W 1829 roku, Marc Seguin we Francji, opracował kocioł płomienicowo – płomieniówkowego. Kocioł ten pozwolił na zwiększenie mocy i prędkości parowozów z około 6 km/h do ponad 25 km/h, co spowodowało szybszy rozwój kolei. Kocioł ten ma wiele rurek zamiast jednej rury, przebiegającej od paleniska do dymnicy. Taki układ bardzo poprawił wymianę ciepła od spalin do wody. W efekcie powstał pierwszy parowóz użytkowy we Francji, konstruktora inżyniera Marc Seguin.

Marc Seguin (1786 – 1875) był francuskim inżynier. W historii zapisał się jako wynalazca i przedsiębiorca. Stworzył pierwszy w kontynentalnej Europie most wiszący. Współpracował z George Stephenson. Był także autorem wielu książek o zastosowaniu fizyki i matematyki przy budowie mostów i lokomotyw parowych.

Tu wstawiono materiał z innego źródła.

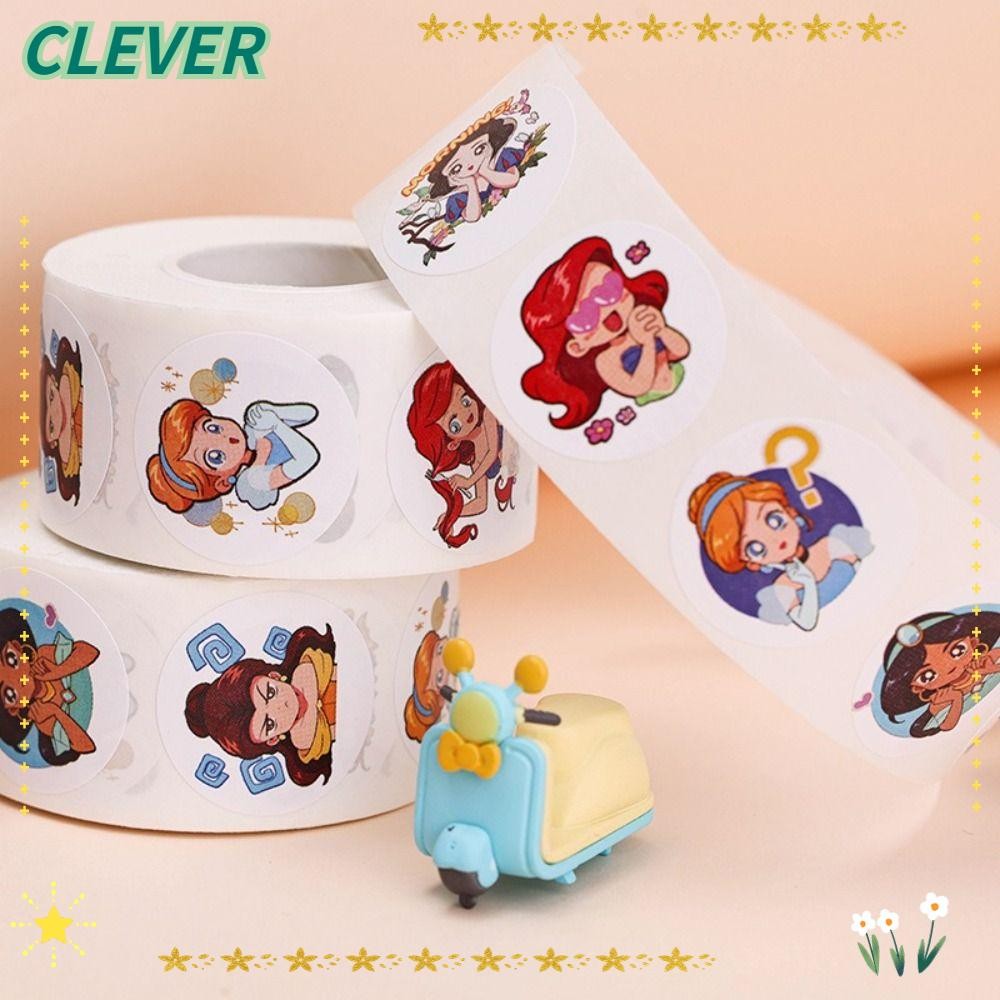 CLEVER Disney Princess Sticker, เทปกาวทรงกลมที่น่าสนใจ, ของเล่นกราฟฟิตี ...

Parowozy The Planet oraz The Patentee.

W 1830 roku, pojawił się kolejny parowóz Stephensona typu Planet, z cylindrami poziomo umieszczonymi z przodu pod kotłem, napędzającymi wykorbioną oś napędową przeniesioną na tył lokomotywy (układ osi 1A). Był to pierwszy parowóz zbudowany w większej liczbie.

W 1834 roku, Stephenson zbudował parowóz w układzie osi 1’A1’. Parowóz został nazwany Patentee. Taki układ osi parowozu zagościł w Europie na kolejne 20 lat. Dwa silniki były umieszczone pod kotłem i napędzały koła poprzez wykorbioną oś kół napędowych.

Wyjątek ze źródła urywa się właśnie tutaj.